Voice state control tags
- volume
- rate
- speed
- pitch
- emphasis
- spell out
Direct item insertion tags
- Silence
- Pron
- Bookmark
Voice context control
- PartOfSp tag provides the voice with the part of speech of the enclosed word(s)
- Context tag provides the voice with information which the voice may then use to determine how to normalize special items, like dates, numbers, and currency
Voice selection
- Voice tag selects a voice based on its attributes, Age, Gender, Language, Name, Vendor, and VendorPreferred
- Lang tag selects a voice based solely on its Language attribute

And there are flags when creating a speak call: https://docs.microsoft.com/en-us/previous-versions/windows/desktop/ee431843(v=vs.85)

using plain text vs XML (either SAPI XML or SSML)
whether to purge prior speak requests
whether the text is a filename
whether punctuation characters should be expanded into words

I'm not sure what VoiceOver does, but found this documentation for AVFoundation which might be relevant: https://developer.apple.com/documentation/avfaudio/avspeechutterance

An utterance can be created with a string, an attributed string, a string that contains International Phonetic Alphabet (IPA) symbols, or SSML
Configuring the utterance
- voice
- pitch multiplier
- volume
- prefers Assistive Technology settings
Configuring Utterance Timing
- rate
- minimum rate
- maximum rate
- default rate
- pause before speaking the utterance
- pause after speaking the utterance

For ARIA-AT, currently we're only checking the text.
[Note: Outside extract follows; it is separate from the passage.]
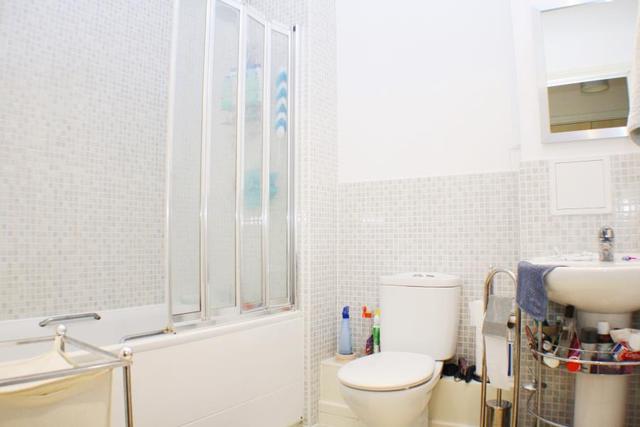  Image of 1 bedroom Apartment to rent in Birdwood Avenue London SE13 at London, SE13 6UR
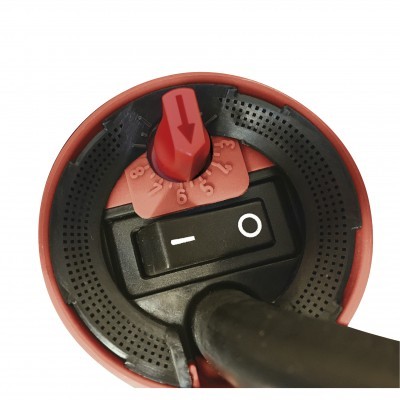 controle redondo preto e vermelho com interruptor on/off e seletor numérico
But clearly the TTS APIs support more nuance than only text. The question is, what should we expose as "the captured output" in AT Driver?

I think a reasonable starting point would be the text only, but allow for vendor-specific extensions for more information.

straker commented 2 years ago

I would like to propose that along with the screen reader text output, the API also provide information about the element, such as the accessible name, aria attributes, and properties (similar to the accessibility views of Chrome and Firefox).

The reason for this is that without normalizing the text string, I feel that it would be difficult to make any assertions about the data because how screen readers report the data can greatly vary.

For example, a button can be read as <button name>, button (VoiceOver / Safari, JAWS / Edge, JAWS / Chrome) or button, <button name> (NVDA / Firefox). Theres also the additional help description text that may or may not be provided, such as press enter to activate (depending on screen reader verbosity settings), or the addition of state, such as using aria-disabled which could output as dimmed (VoiceOver / Safari) or unavailable (JAWS / Edge, JAWS / Chrome, NVDA / Firefox).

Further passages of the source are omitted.